# [Exercise requirements]
Reproduce the line with "LUCKY HERP Reptile" and everything after it in the listing below, exactly, both ends included. No pictures.

§

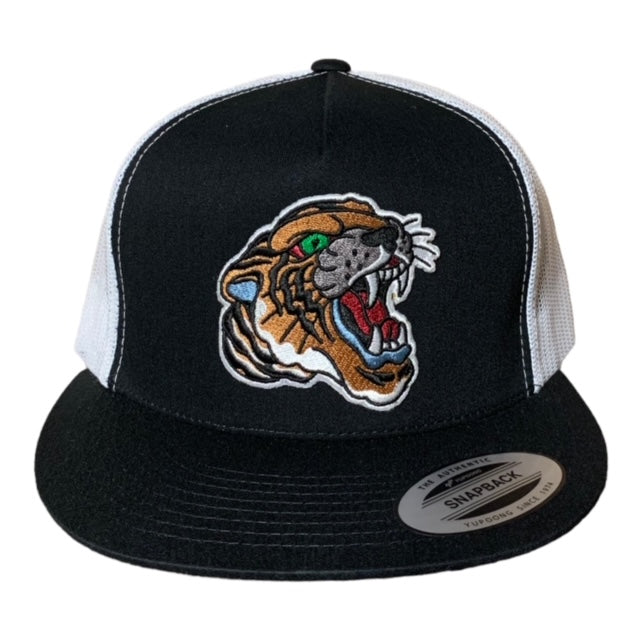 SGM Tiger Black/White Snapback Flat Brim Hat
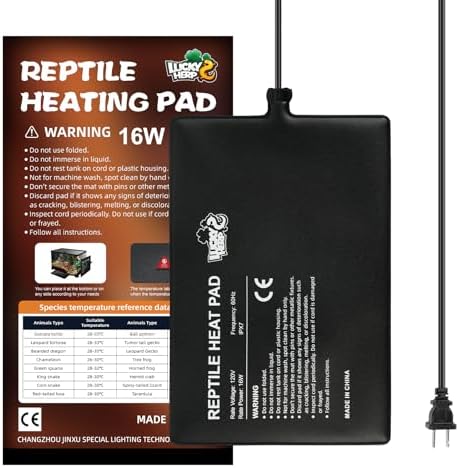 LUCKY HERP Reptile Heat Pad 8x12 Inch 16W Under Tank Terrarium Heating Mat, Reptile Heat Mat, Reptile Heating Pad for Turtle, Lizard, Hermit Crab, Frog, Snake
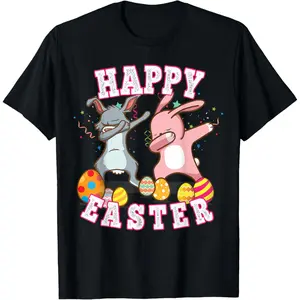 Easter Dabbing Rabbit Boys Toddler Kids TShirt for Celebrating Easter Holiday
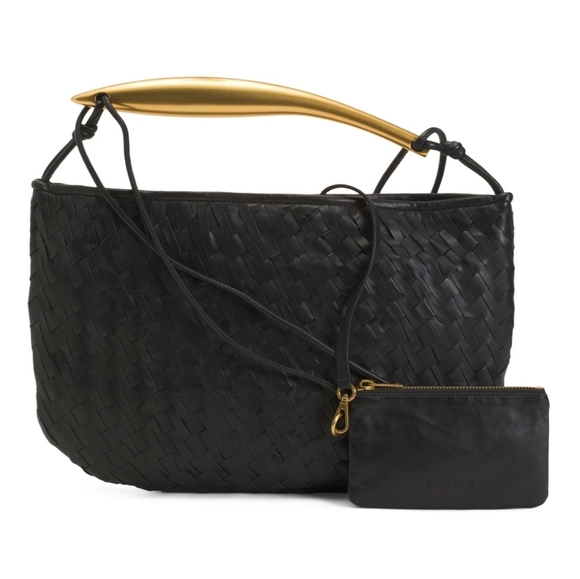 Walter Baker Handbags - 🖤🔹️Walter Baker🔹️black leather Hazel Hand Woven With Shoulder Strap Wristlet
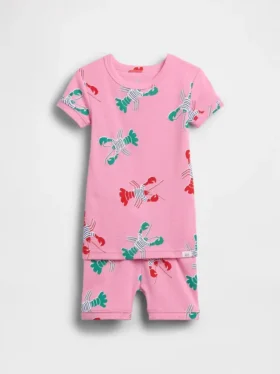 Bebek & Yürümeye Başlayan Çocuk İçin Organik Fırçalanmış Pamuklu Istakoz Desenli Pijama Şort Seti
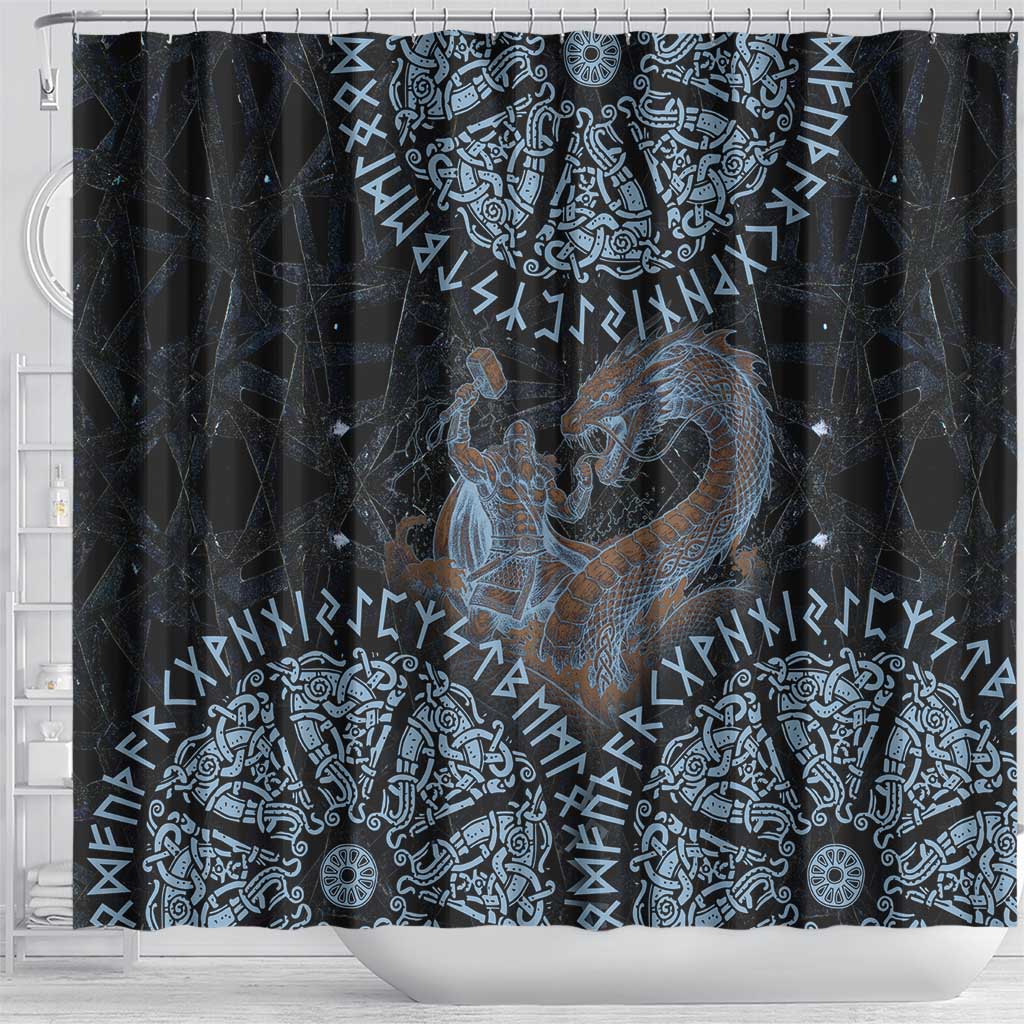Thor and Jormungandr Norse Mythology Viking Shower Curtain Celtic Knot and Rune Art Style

§

# [Solution to this exercise]
 LUCKY HERP Reptile Heat Pad 8x12 Inch 16W Under Tank Terrarium Heating Mat, Reptile Heat Mat, Reptile Heating Pad for Turtle, Lizard, Hermit Crab, Frog, Snake
 Easter Dabbing Rabbit Boys Toddler Kids TShirt for Celebrating Easter Holiday
 Walter Baker Handbags - 🖤🔹️Walter Baker🔹️black leather Hazel Hand Woven With Shoulder Strap Wristlet
 Bebek & Yürümeye Başlayan Çocuk İçin Organik Fırçalanmış Pamuklu Istakoz Desenli Pijama Şort Seti
Thor and Jormungandr Norse Mythology Viking Shower Curtain Celtic Knot and Rune Art Style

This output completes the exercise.